When the original plane is (imaginarily) distorted to a curved surface, the normal of a certain point changes. Subsequently, the reflection of this point changes from (u, v) to (u + du, v + dv). The offset (du, dv) is what we want to calculate, and it is related to the change of normal.

The first derivative of normal, i.e.(d(nx)/dx, d(ny)/dy, d(nz)/dz), represents the change of normal in space, not the change of normal between the original plane and the distorted one. This confuses me a lot, and none of those articles have provided more details.

Personally, I think (du, dv) <- (n1 - n2).xz * someScale makes more sense. (n1 - n2) represents the geometry difference between the original plane and the distorted one, and someScale is a scalar to adjust this difference.

A guess

As the normal map used in the water simulation has a wavy pattern, its first derivative of (x, y, z), i.e. the change of surface normals in the space, also has a wavy pattern.
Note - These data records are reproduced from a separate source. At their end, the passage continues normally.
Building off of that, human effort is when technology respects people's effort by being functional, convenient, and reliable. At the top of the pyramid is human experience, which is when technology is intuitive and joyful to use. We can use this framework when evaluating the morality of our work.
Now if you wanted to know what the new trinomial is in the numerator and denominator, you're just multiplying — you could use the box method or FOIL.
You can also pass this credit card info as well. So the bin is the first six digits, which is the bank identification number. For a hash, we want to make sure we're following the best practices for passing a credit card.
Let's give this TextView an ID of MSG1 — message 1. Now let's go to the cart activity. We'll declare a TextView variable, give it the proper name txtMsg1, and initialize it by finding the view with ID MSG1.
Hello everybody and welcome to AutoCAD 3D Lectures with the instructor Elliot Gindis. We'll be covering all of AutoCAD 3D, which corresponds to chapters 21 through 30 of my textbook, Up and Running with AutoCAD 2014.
Therefore, distorting the water texture with this wavy pattern can produce a wavy surface.

I guess the key is how to get a wavy pattern that is related to surface normals, not the difference between the original plane and the distorted one.

User-defined clip plane

The reflection and refraction textures are faked by a technique called user-defined clip plane.
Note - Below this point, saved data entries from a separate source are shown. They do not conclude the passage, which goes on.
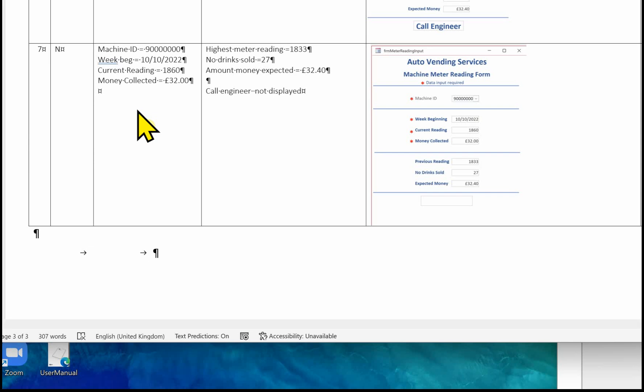That's the end of completing the test log. Make sure it's saved as a PDF with a file name as indicated in the paper.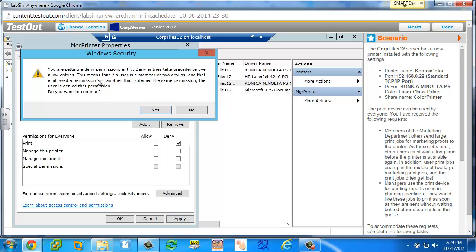If you apply, it says if you're part of multiple groups, the deny takes precedence. So I'm thinking if somebody chose a deny here, that no one, not even the managers, would be able to print, because it's an explicit deny.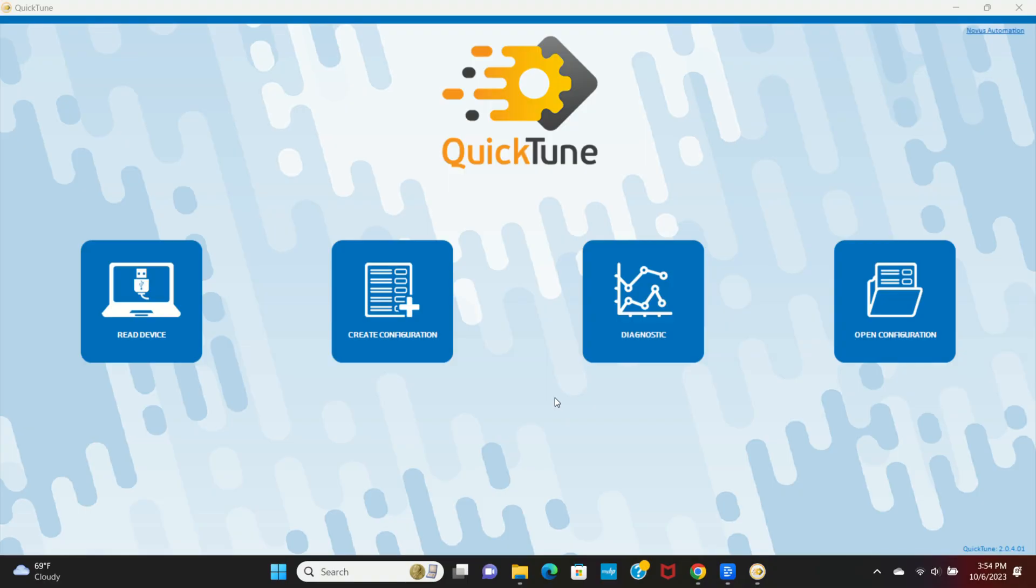This is the first page you'll land on in the QuickTune application. The options you have here are to read and configure the currently connected device, configure a device that may not be connected to your computer, diagnostic tools which can be used to see information about the current device, and open and load a configuration that has been previously saved. We are going to configure the current device, so we'll select read device.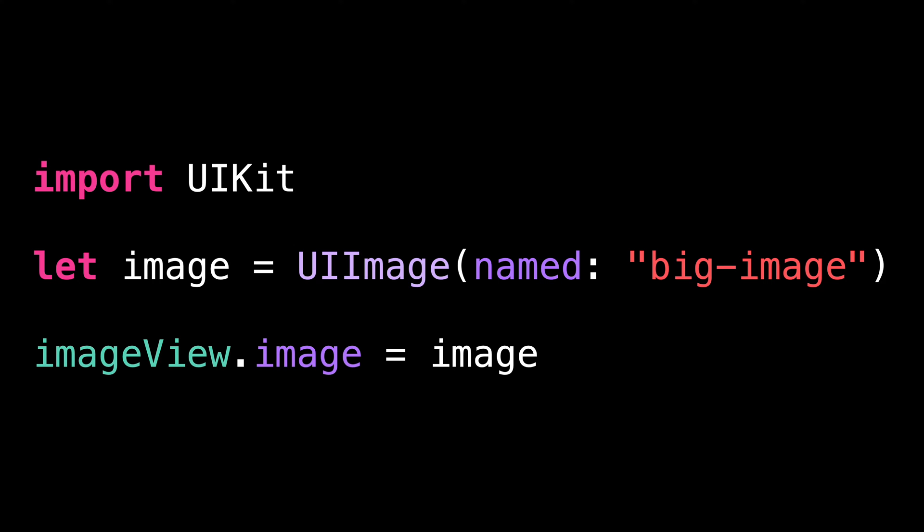Can you guess what's the problem with this code? We're creating a UI image and then we assign it to a UI image view. At first glance, there's nothing special. You've probably written similar code dozens of times.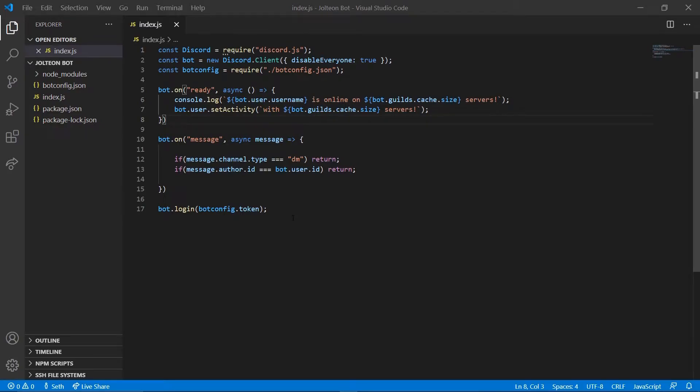Hello, welcome back everyone. My name is Seth and today I'm bringing you guys part three of how to code your own Discord bot. In this video we're going to be implementing our command handler so that we can make a commands folder and have our commands as separate files instead of just in our index file.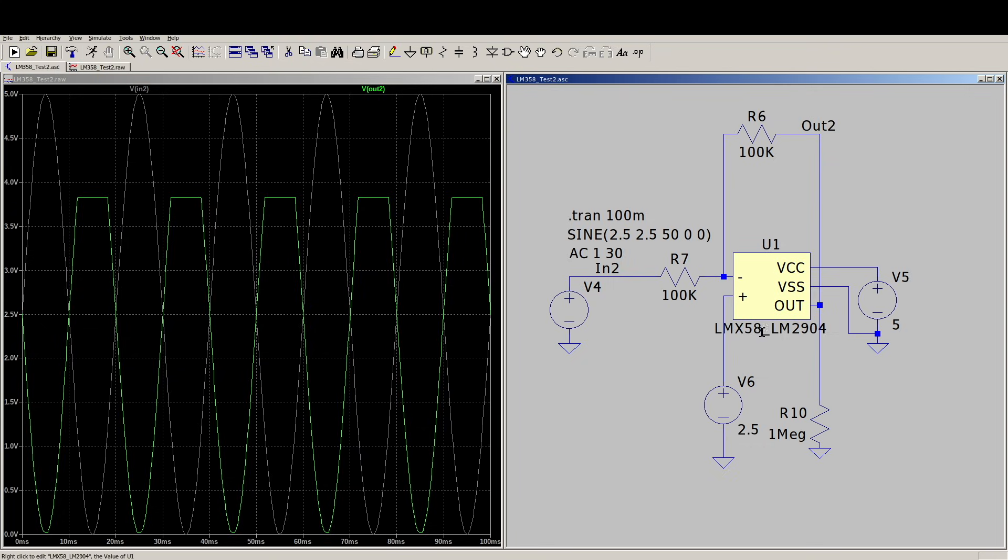Either way, we're using the same models we downloaded from the internet, and we're getting better results. So little things like that help make the tool useful. It can only do what we tell it, and we can only expect so much out of it. So as long as everything is making sense, it's a great tool to use when circuit designing or testing.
We specify a plane (A, B, C, D), with (A, B, C) being its normal and -D being its distance to (0, 0, 0). For a point P in the space, dot(P, plane) gives the relationship between P and plane. Here, P is expanded to vec4 with w = 1.

dot(P, plane) >= 0 --> non-negative side of the plane --> inside clipping space
dot(P, plane) < 0 --> negative side of the plane --> outside clipping space

Points on the negative side of the plane will not be rendered.
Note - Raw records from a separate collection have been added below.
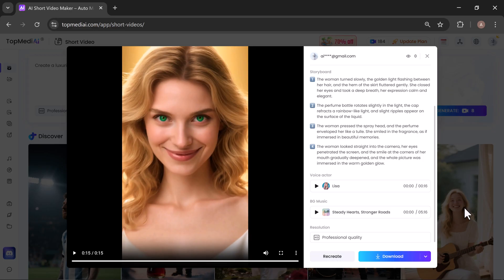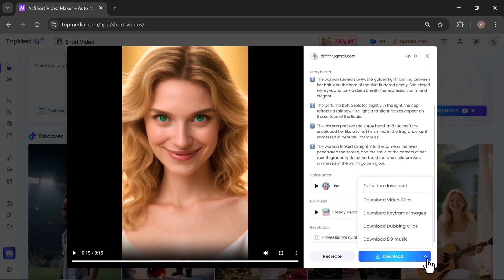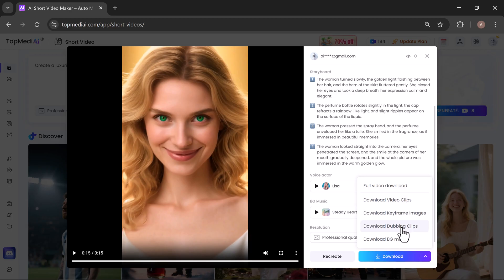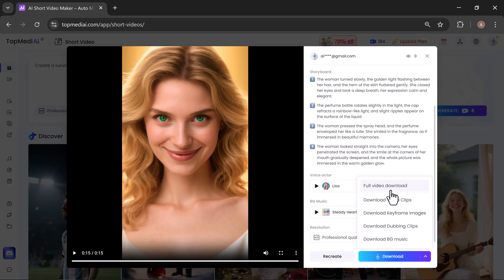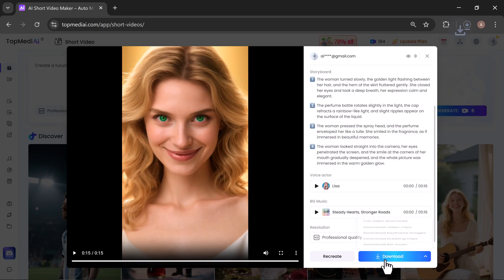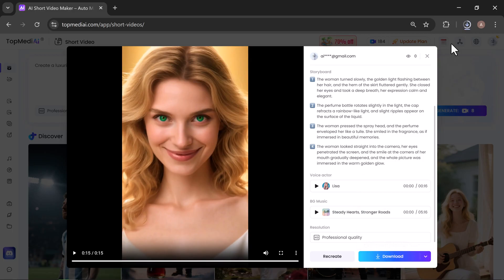For downloading, you'll find multiple options here, including video clips, keyframe images, dubbing clips, and background music, giving you the flexibility to save and use each part of your project however you need. Simply select any of these options and click Download. Your file will begin downloading immediately.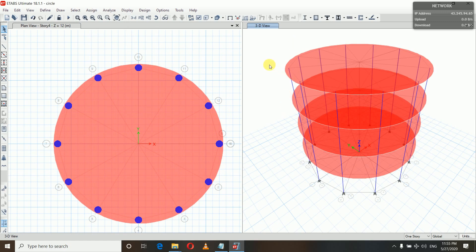We can see here we have created our circular slab. In this way you can create a circular slab as per your requirement. Hope you like the video. If it was useful to you, please share with your friends and don't forget to subscribe and hit the like button. In the next video I will show how to make a circular opening in a slab.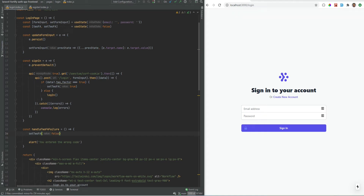In the last video we added two-factor authentication to our Laravel Fortify powered SPA. Now let's add the registration feature so that users are able to create their own accounts themselves. I will show you how easy and simple it is to enable the registration feature on Laravel Fortify.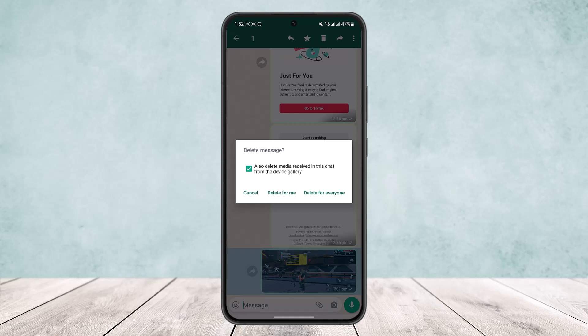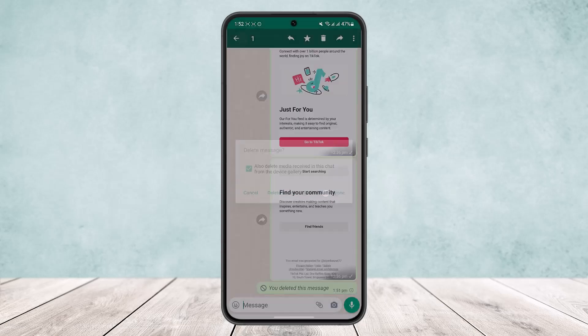If you want to delete it from the device gallery, tap on it, and you'll see two options: cancel, delete for me, and delete for everyone. If you want to delete this for everyone in the group, simply tap on delete for everyone.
For example, plane (0, 1, 0, -2) represents a plane that its normal is (0, 1, 0) and its distance to the origin is 2 (i.e. y = 2). Only vertices whose position.y >= 2 within the viewport frustum will be rendered.

clipPlane

Eye point for reflection

Before rendering the reflection texture, don't forget to change the eye point.

twoEyepoints

First, move the eye point to the symmetric position of the water surface by

float d = 2.0 * (eyePoint.y - waterSurface.y);
vec3 eyePointReflect = vec3(eyePoint.x, eyePoint.y - d, eyePoint.z);

Second, change the viewing angle. This is based on what coordinate system you use. For example, if you use the one in the image, you should do something like

float thetaReflect = 3.1415f - theta;

Finally, don't forget to change the eye point back after rendering.

Performance

Currently, this program renders the same scene three times per frame. One for the reflection frame buffer, one for the refraction frame buffer, and one for the main window.

This may not be a problem for simple scenes. However, video games always have complex scenes, and rendering such scenes three times per frame is too expensive.

An effective way to improve performance is using level of detail (LOD) technique. For example, using a height map and an LOD tessellation shader for rendering terrain.

Shading

Blend a deep water color and a sub-surface water color [4] based on the depth value from the view point. The combination of the shading code is based on [1, 3].

Reference

[1] Truelsen, Rene. "Real-time shallow water simulation and environment mapping and clouds." (2007).

[2] polycount wiki: dudv map

[3] Li, Bo, et al. "A practical method for real-time ocean simulation." 2009 4th International Conference on Computer Science & Education. IEEE, 2009.

[4] Ang, Nigel, et al. "The technical art of sea of thieves." ACM SIGGRAPH 2018 Talks. 2018. 1-2.